Now, cigarette companies have something of an image problem, an image problem caused by the fact that their product tends to kill people. And they're facing tougher and tougher restriction. But this isn't the first time they've passed through hardship. Tate uncovers the fight against tobacco between 1890 and 1930, drawing on archives and histories to weave together the feints and attacks in this story. Progressive reformers and religious fundamentalists actually united to fight smoking--and there's an alliance you don't see a lot today. I was immediately curious about what led to the collapse of this effort: it was World War I, where millions of soldiers took up the habit, and cigarettes became associated with freedom, modernity, and sophistication. So really, all Big Tobacco needs to get back on top is one good war. It sounds interesting, though if I was given a choice of nonfiction to read for my own amusement, I'd probably gravitate towards Gould or the food book.

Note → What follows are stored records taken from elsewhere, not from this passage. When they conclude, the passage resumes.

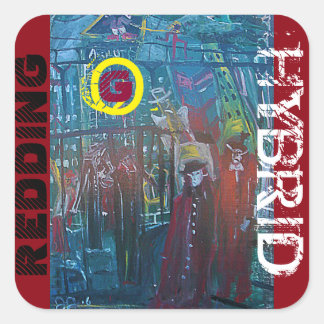 REDDING OG HYBRID SQUARE STICKER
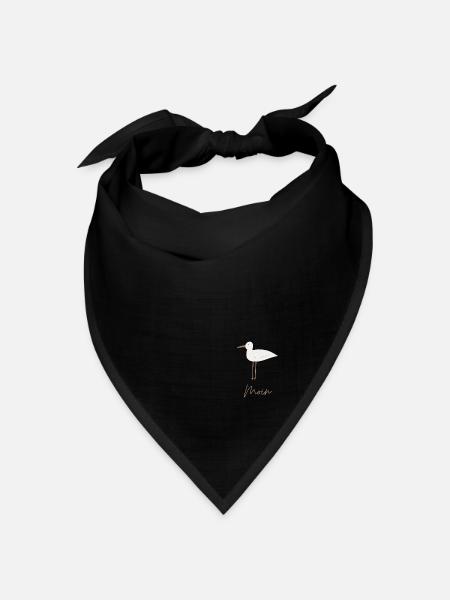 Moin Moin - Bandana Dreieckstuch - Schwarz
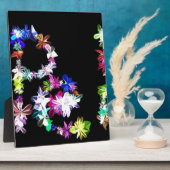 Vrede in bloemen Art Print Fotoplaat (Zijkant)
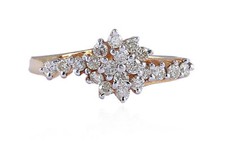 Pave 0,46 Cts Runde Brilliant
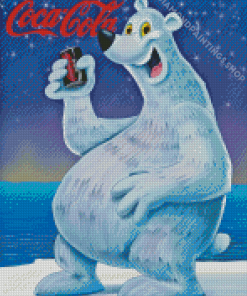 Coca Cola Polar Bear Diamond Painting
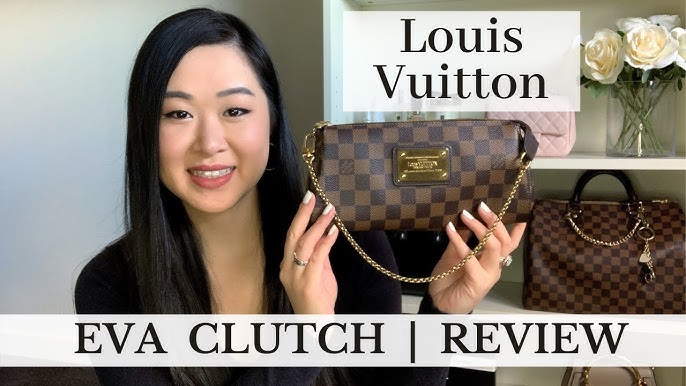 Louis Vuitton, Bags, Sold Louis Vuitton Eva Clutch In Ebene Damier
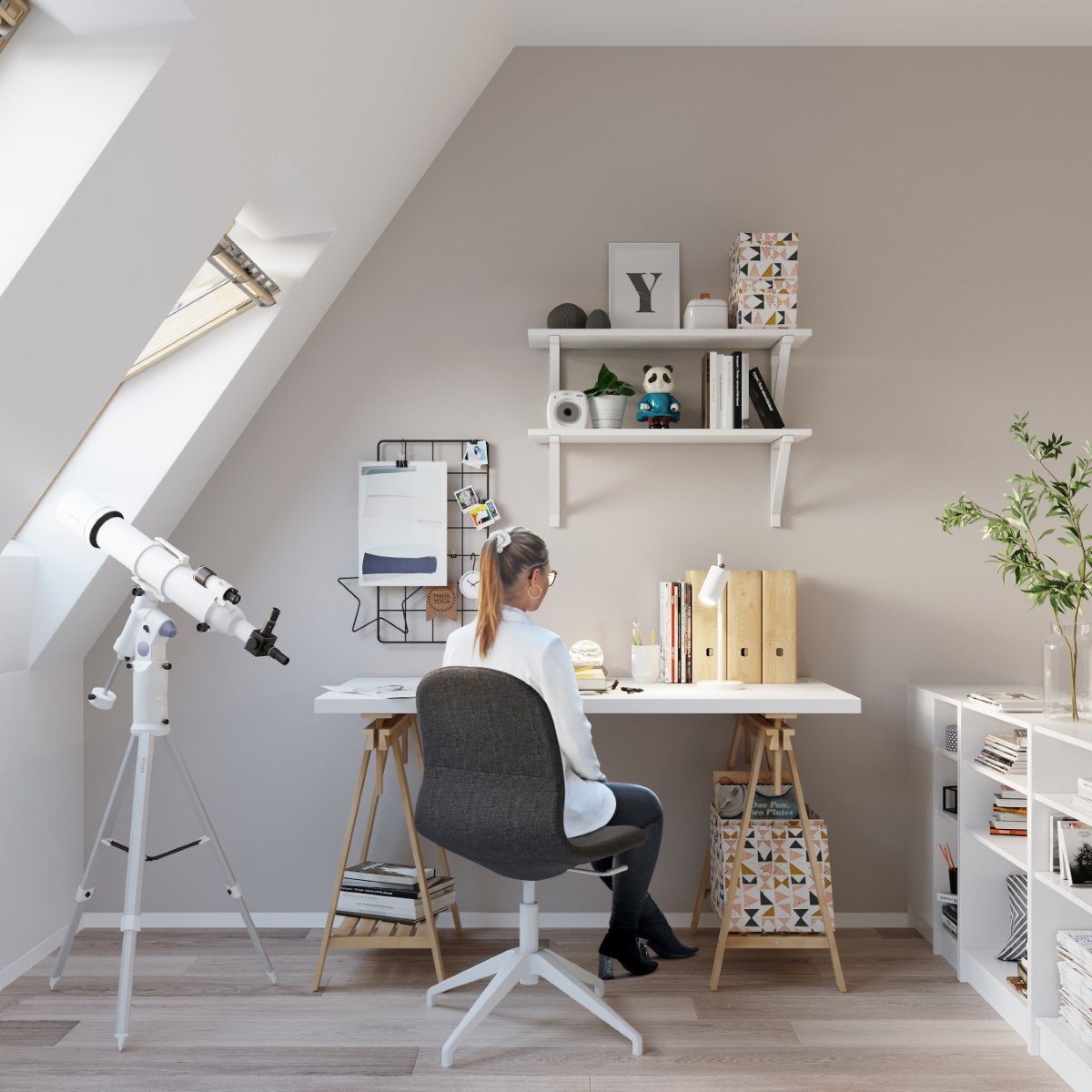 Lampe à poser Acier Blanc GU10 1 Ring blanc, EDEN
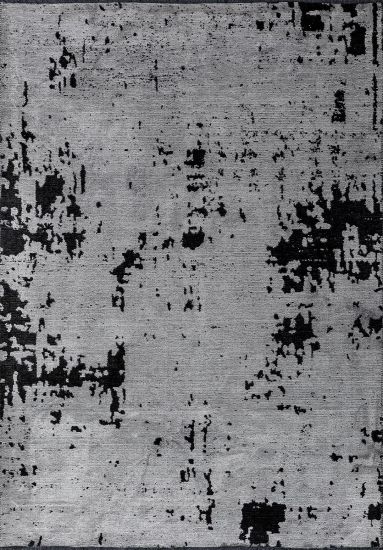 Abstract Grey Celesta Dining Room Rug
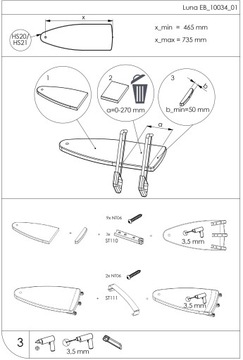 Nowość! Regulowane, spiralne schody Minka Luna/ Czarne/ Bukowe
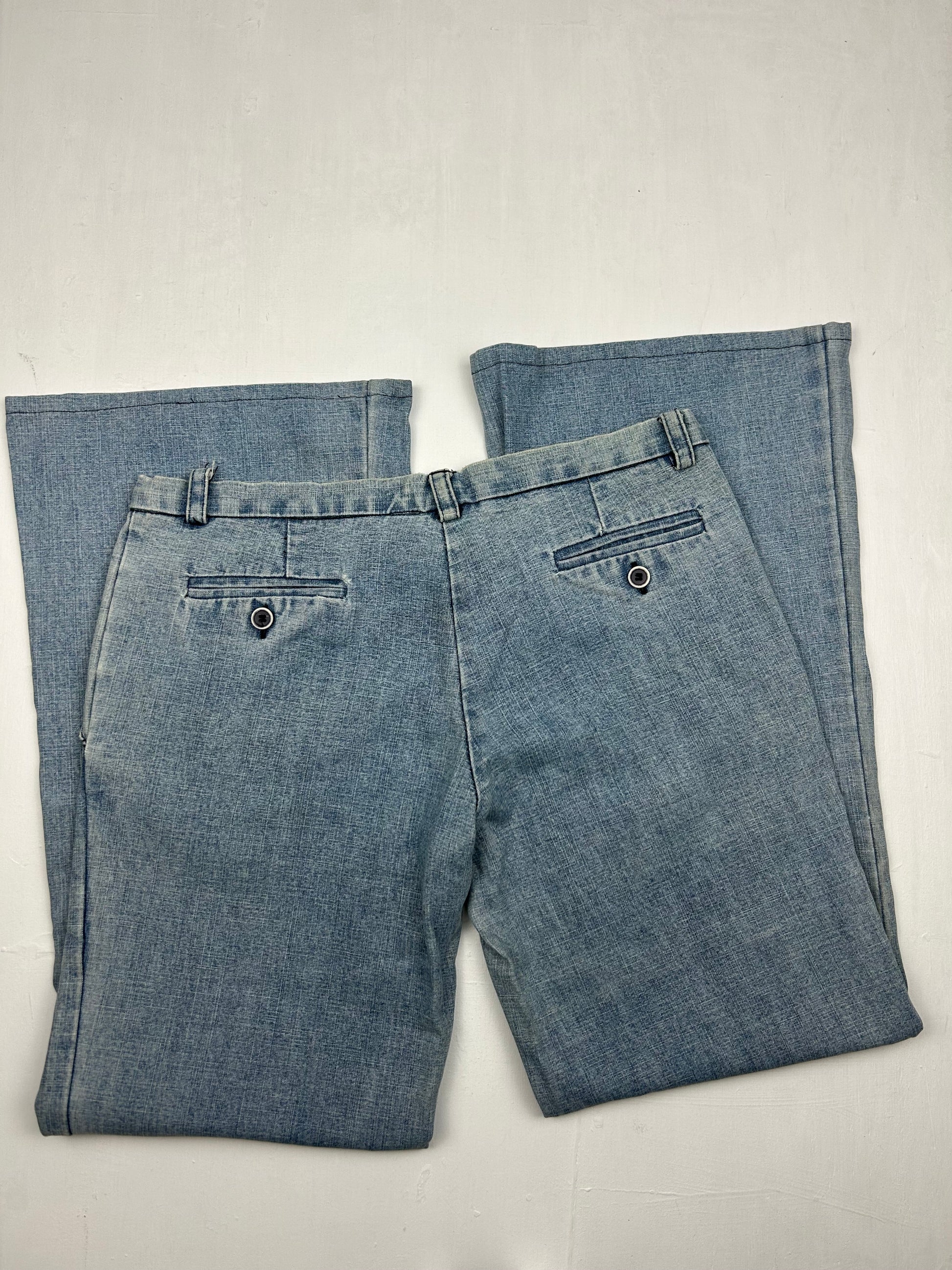 Blue low waist denim pants (S/M)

In the life of cities / edited by Mohsen Mostafavi, Harvard University, Graduate School of Design.
It feels like we've come full circle, with a book on, if not architecture, then certainly city design. I can't find anything as useful as a table of contents, but the general conceit here is that Mostafavi asked two dozen architects and designers what the relationship is between the design of a city and the life engendered by that design. Whatever the answers are, I can at least say that Sao Paulo, Houston, Paris, Jakarta, and Mumbai are involved. Obviously, there is a connection; in Saskatoon, the distance between places and the way the transport system is optimized for driving calls for a particular way of life. Likewise, Toronto has so many battles over bikes and cars because its sheer population density requires a design that optimizes that density. So the question isn't whether there is a connection, but what sort of connections can exist. Sounds interesting. Too bad no one seems to be particularly interested in answering that in the online material.